思い出してほしい。米国の株価はFRBのポートフォリオ(総資産)と連動しているのである。2018年の第4四半期に米国株が急落したのは、FRBが量的引き締めに動いたことが主因である。  

2018年の量的引き締め

主要中央銀行の資産の増減

 バンクオブアメリカとゴールドマンは大まかに150億ドル/月の恒久的なOMOを想定している。この戦略により、バランスシートは年間約1,800億ドル膨らみ、Fed(連邦準備制度)による米国債の純購入額(赤と灰色の棒の合計)は今後数年間で約3,750億ドルになる。

出所:ゼロヘッジ

 Plunge Protection Team(PPT=株価下落防止チーム)や、NY連銀がPKO(株価維持政策)を入れている現状で、株の売りトレンドが大きくなりにくい。

NYダウ(日足)とPlunge Protection Team(PPT=株価下落防止チーム)のPKO

 トランプ大統領は2019年10月7日に、「利下げを望んでおり、大幅な利下げだ。

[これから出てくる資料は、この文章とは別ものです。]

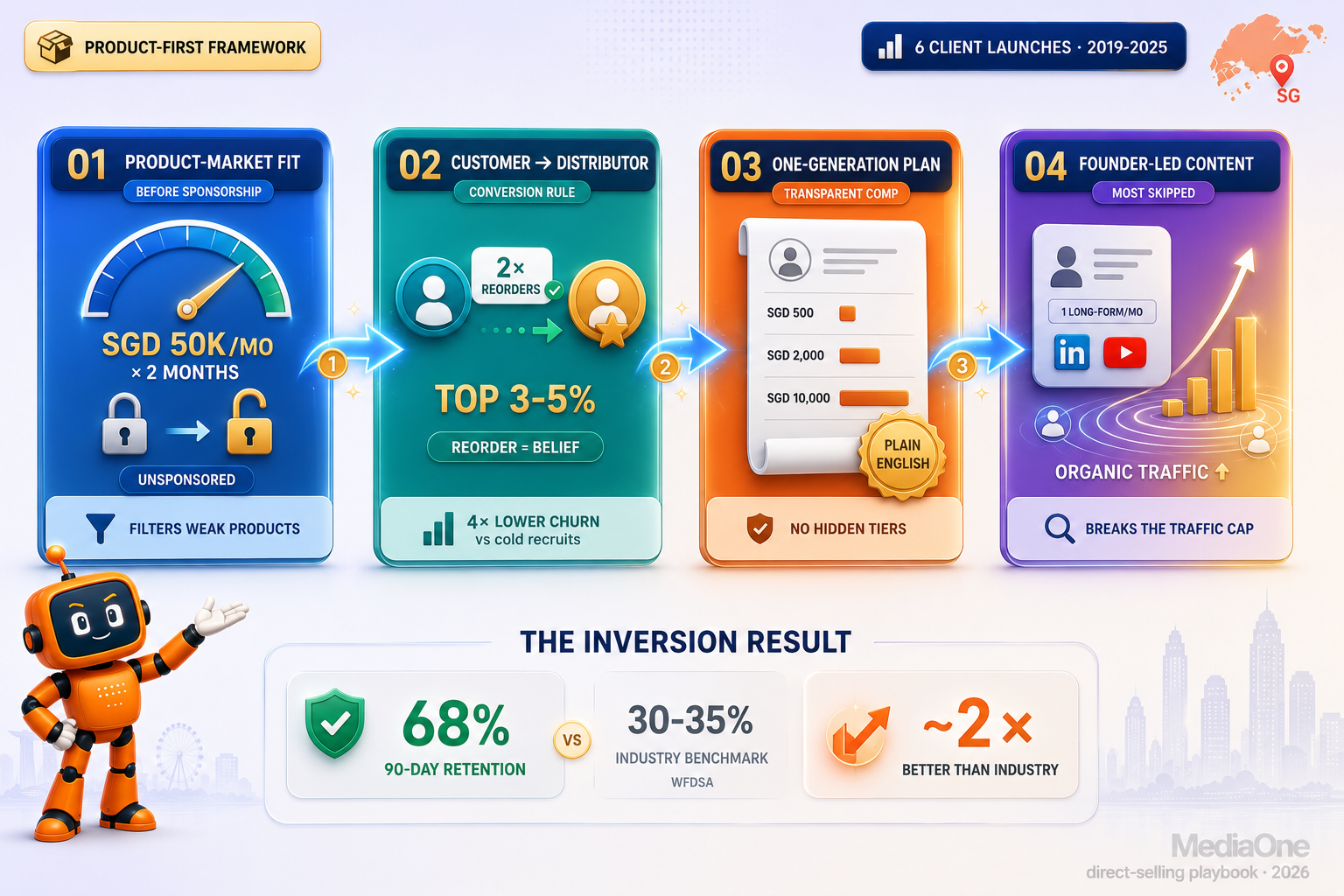 How To Do Multilevel Marketing In Singapore Legally 2026 2 MediaOne's Product-First Distributor Framework for Singapore direct selling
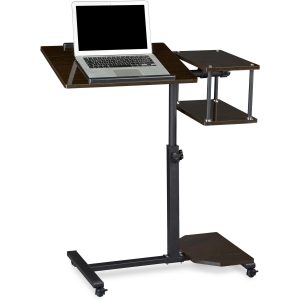 relaxdays Laptoptisch XL Schwarz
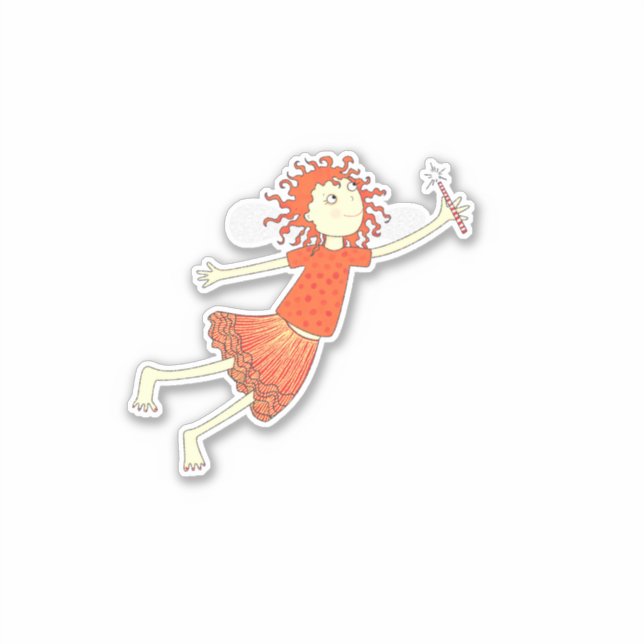 Fairy with Red Hair Sticker (Front)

米国にインフレは存在しない。存在しているとしても、低水準で、利下げを実施するに値する。FRBが利下げすることを望む」と述べており、大統領のPPTと、金融緩和で株価を維持する操作が延々と続くだろう。

 読者の皆さまはすでにお分かりであろう。量的緩和政策はそれ自体が崩壊しない限り、出口は存在しないのである。